Below are some records. Return exactly their lines from the one containing "日本初となるニューロモフィックセンシング・コンピュ" through the one containing "Global Process Automation", and drop the pictures.

┌─ RECORDS FOR THIS TASK

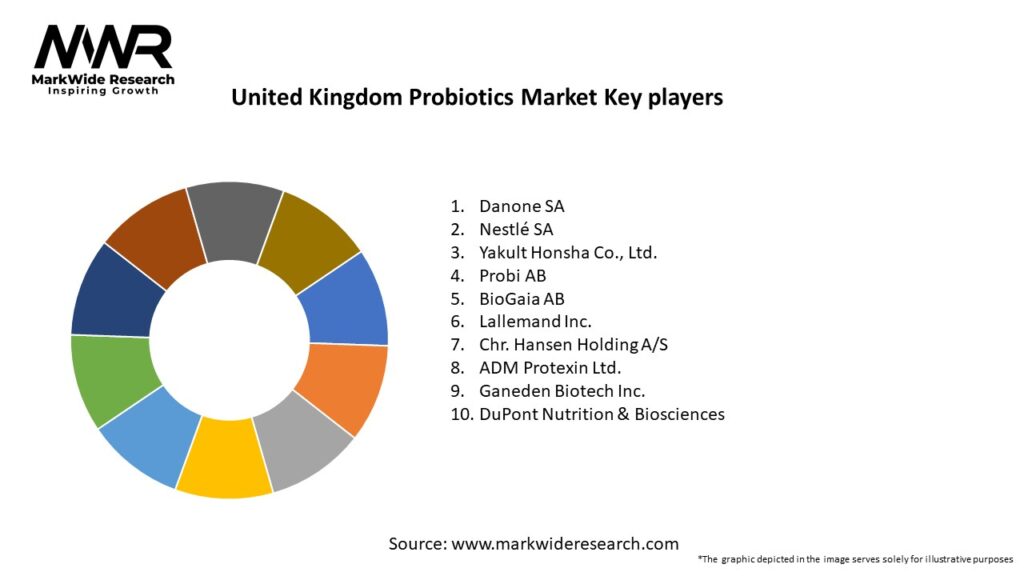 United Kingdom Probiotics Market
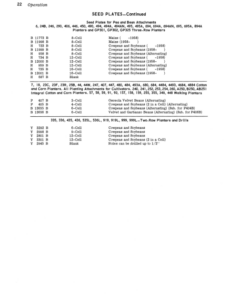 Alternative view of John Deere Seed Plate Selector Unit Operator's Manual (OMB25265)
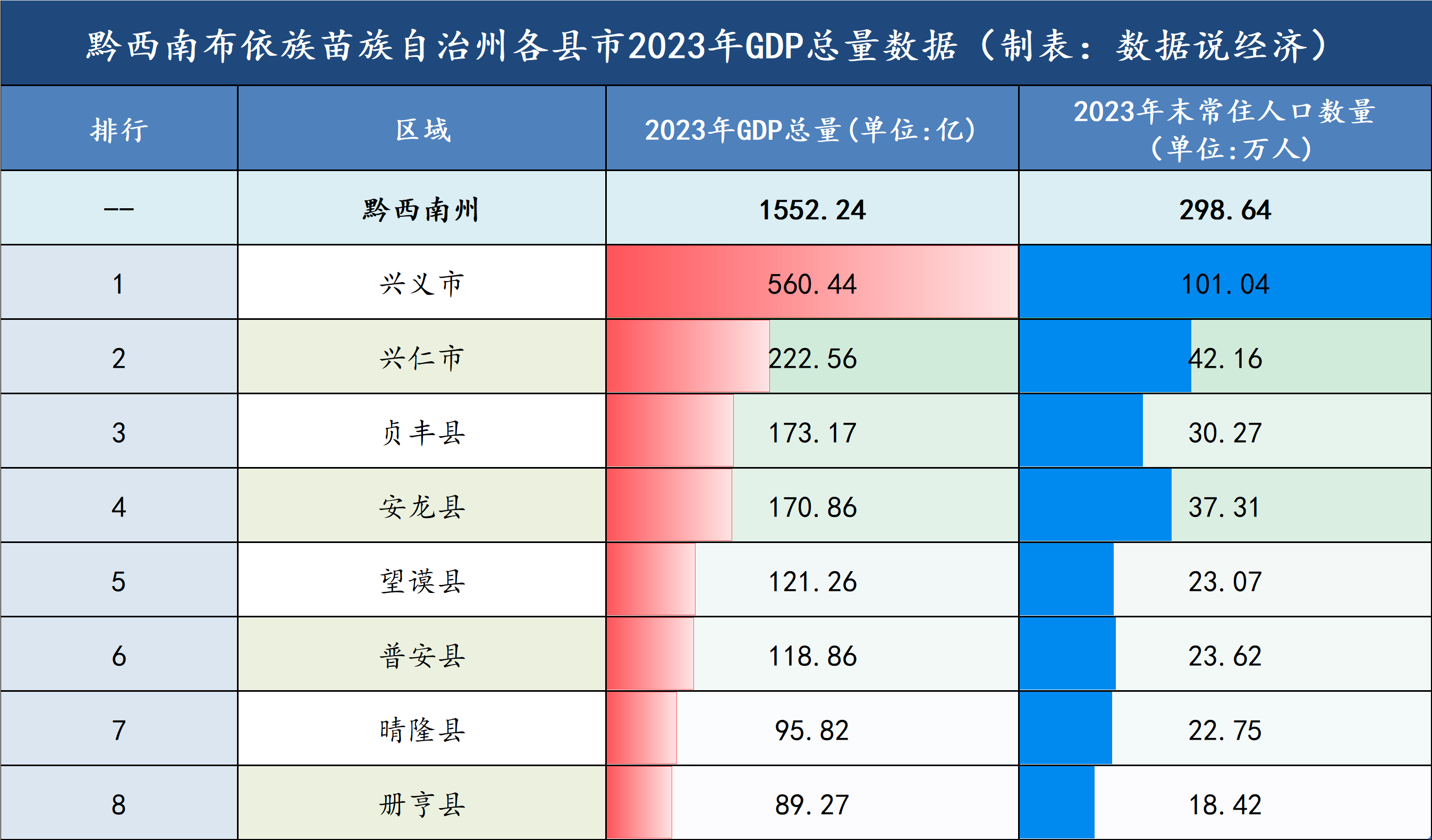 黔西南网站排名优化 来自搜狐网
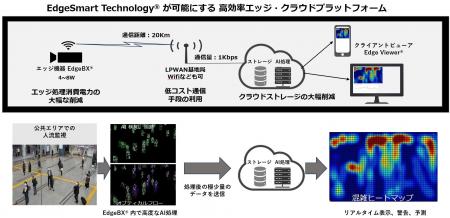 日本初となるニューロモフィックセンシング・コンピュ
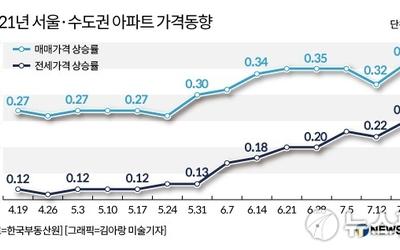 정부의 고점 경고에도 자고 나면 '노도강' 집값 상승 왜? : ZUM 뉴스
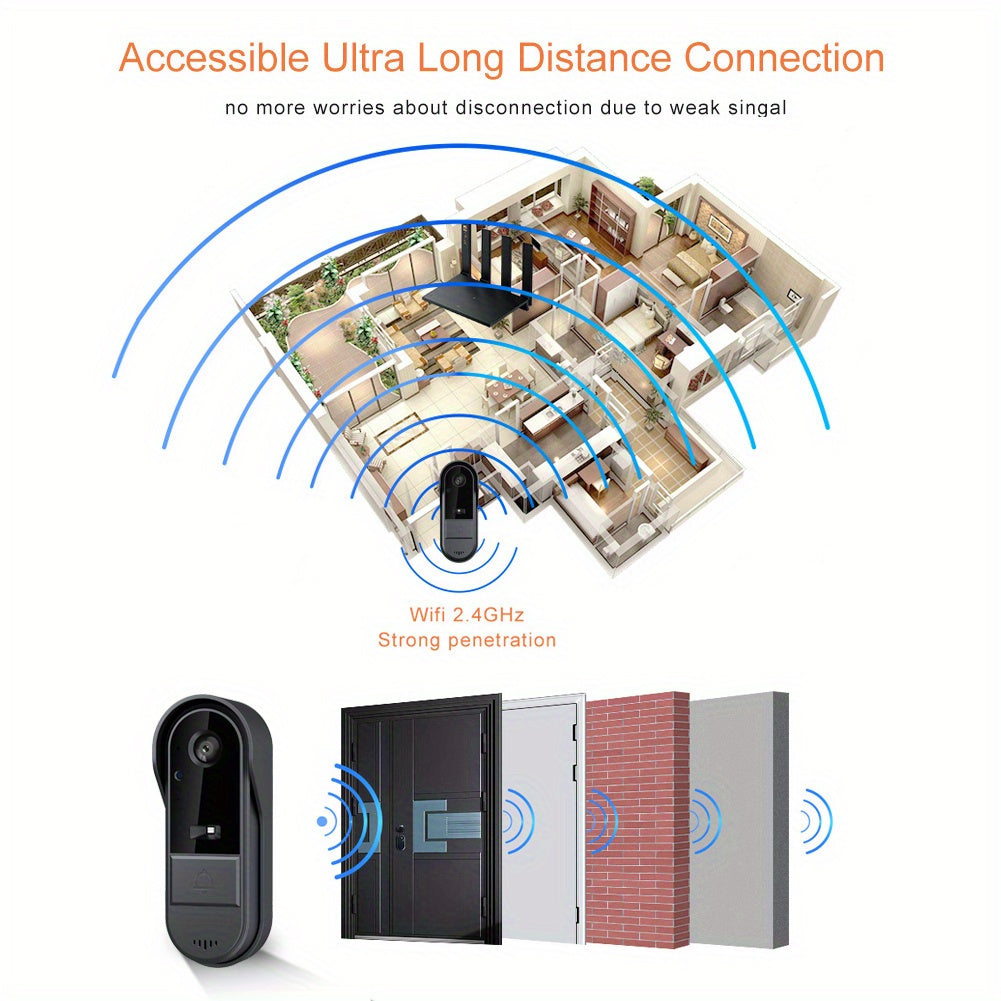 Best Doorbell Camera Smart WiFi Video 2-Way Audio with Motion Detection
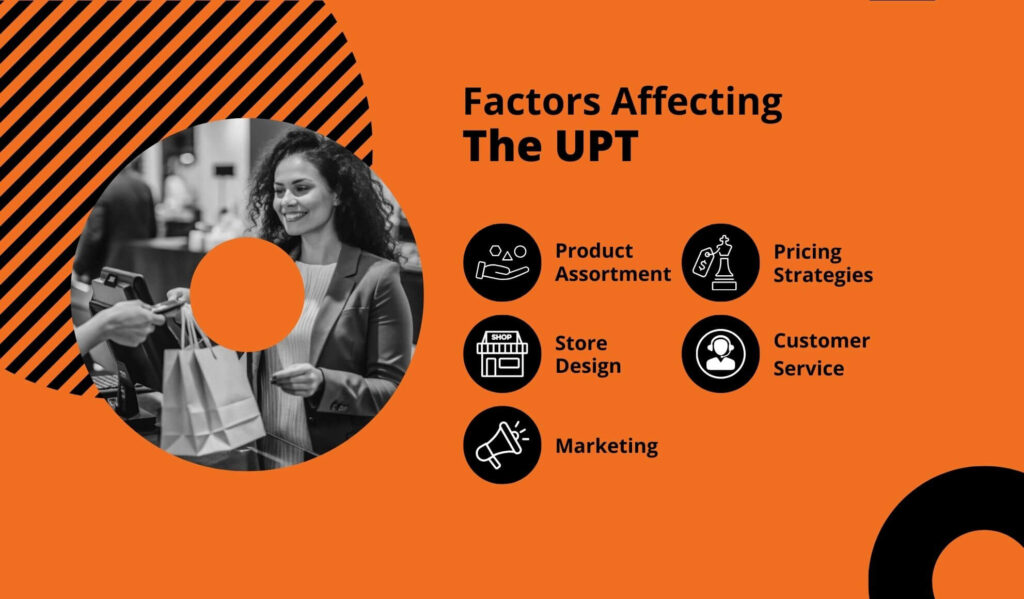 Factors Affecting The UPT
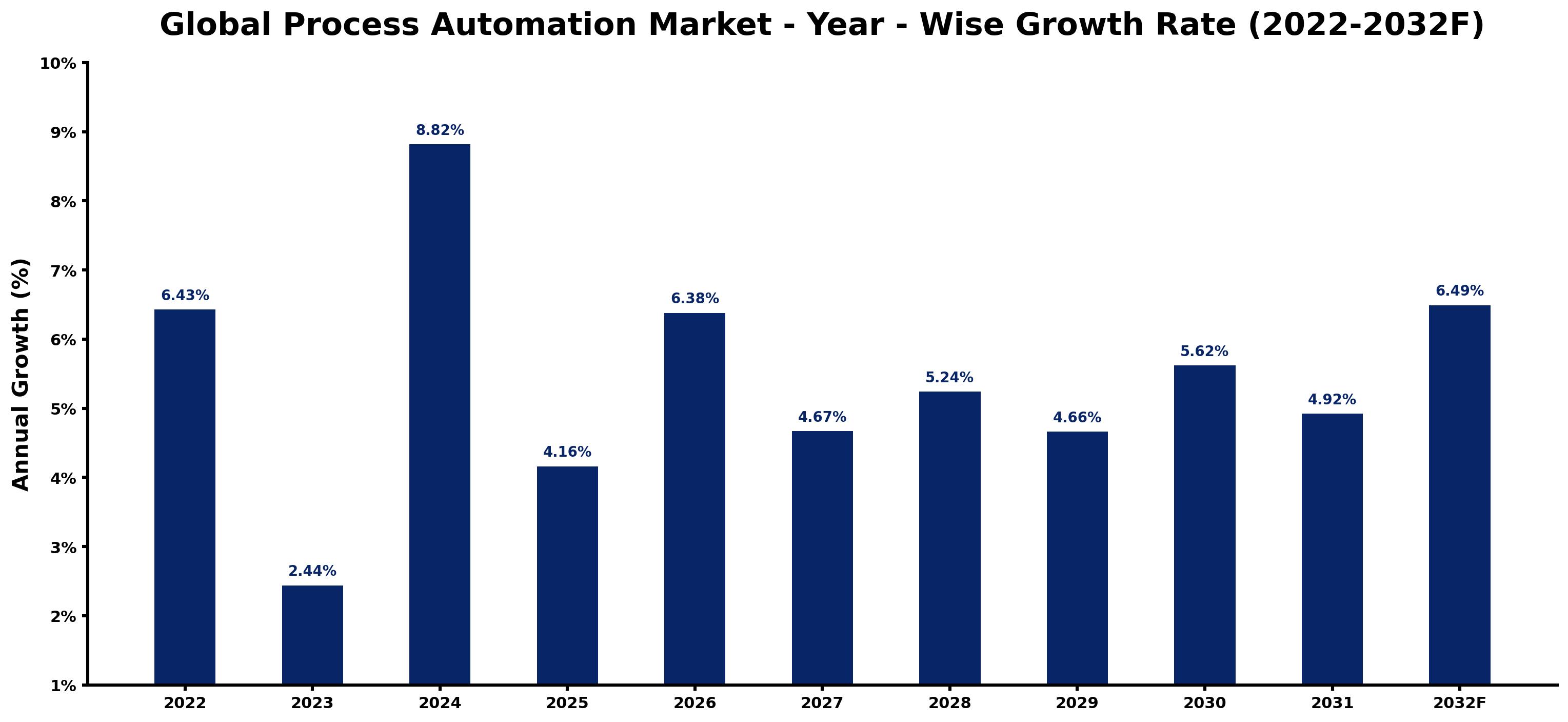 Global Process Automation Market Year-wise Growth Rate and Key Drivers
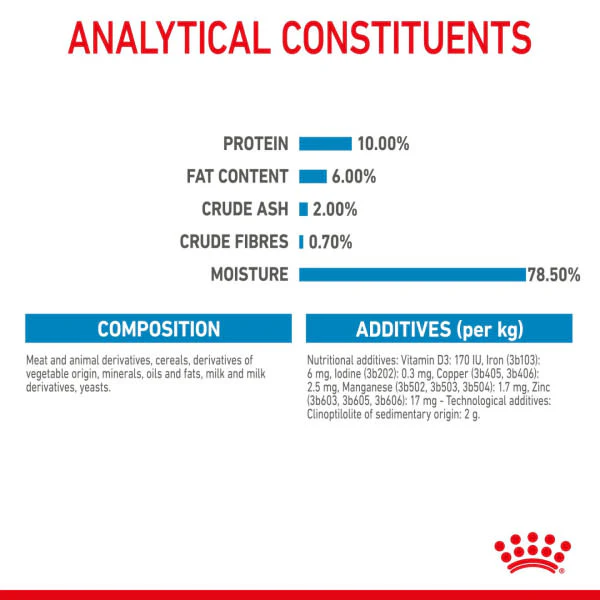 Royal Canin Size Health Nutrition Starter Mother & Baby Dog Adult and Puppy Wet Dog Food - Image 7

└─

_THE COMPLETED TASK:_
 日本初となるニューロモフィックセンシング・コンピュ
 정부의 고점 경고에도 자고 나면 '노도강' 집값 상승 왜? : ZUM 뉴스
 Best Doorbell Camera Smart WiFi Video 2-Way Audio with Motion Detection
 Factors Affecting The UPT
 Global Process Automation Market Year-wise Growth Rate and Key Drivers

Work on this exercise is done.